No leito de morte lembrava-se das conquistas, das lutas, das ruas, dos confrontos com os militares. Não entendia como se tornou impotente. Somente o ego ainda lutava. A única luta que o corpo travava, era para se manter vivo. Não podia admitir que o filho se misturasse com aqueles safados da direita comprada. Volta e meia, berrava em delírio convocando os estudantes:
-Em frente, não baixem a guarda!
Viveu em função dos ideais esquerdistas aprendidos na universidade. Mesmo quando serviu ao exército, era disciplinado constantemente, quando flagrado em cima das mesas, propagando os ideais socialistas aos soldados. Não se importava com a farda, com as punições, nem com os superiores. Comemorou efusivamente ao ser expulso de lá, mesmo estando todo quebrado.
Seu neto ficava ao lado da cama ouvindo as longas histórias do avô, e mesmo sendo menino, já tinha afinidade com a esquerda, com o rubro e com os discursos emocionantes.
O menino contou ao avô que levara um tapa na boca do pai ao dizer que queria ser socialista. E o velho, perdeu-se nas lembranças ao recordar da surra que deu no filho quando ele se filiou num partido de direita. Era um dado viciado, um círculo vicioso. Sentia naquele momento um orgulho do neto, ao imaginá-lo nas ruas, como ele liderando um grupo com pedras na mão.

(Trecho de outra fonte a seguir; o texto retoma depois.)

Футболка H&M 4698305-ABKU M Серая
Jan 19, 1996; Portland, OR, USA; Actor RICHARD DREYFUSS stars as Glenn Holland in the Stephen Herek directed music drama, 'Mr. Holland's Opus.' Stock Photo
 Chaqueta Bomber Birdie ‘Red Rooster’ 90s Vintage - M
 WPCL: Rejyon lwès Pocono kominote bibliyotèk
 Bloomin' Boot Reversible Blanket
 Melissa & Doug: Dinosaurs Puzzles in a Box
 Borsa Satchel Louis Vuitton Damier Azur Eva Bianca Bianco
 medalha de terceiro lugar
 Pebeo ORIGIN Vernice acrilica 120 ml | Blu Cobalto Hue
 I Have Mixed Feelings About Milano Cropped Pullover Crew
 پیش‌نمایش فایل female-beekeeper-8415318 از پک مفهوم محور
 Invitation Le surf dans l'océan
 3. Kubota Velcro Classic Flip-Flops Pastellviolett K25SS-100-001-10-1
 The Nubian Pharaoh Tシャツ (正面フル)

-Vovô, por que parou a história? - o menino tinha sede por ouvir o avô, que não respondeu nada, ficando estático olhando fixamente pela janela, enquanto a fábrica soltava aquela grande cortina de fumaça.
Num súbito esforço, o velho ergueu sua cabeça e segurando a mão do menino, olhou-o com amor e esperança, e numa fusão de pensamentos entre o passado e o presente, entre o real e o fantástico, a verdade e a possibilidade, gritou como nunca:
-Abaixo a repressão! Às ruas, às ruas, às ruas!
Tudo se aquietou. Inclusive o coração do menino. O velho soltou sua mão levemente, e o abandonou para sempre.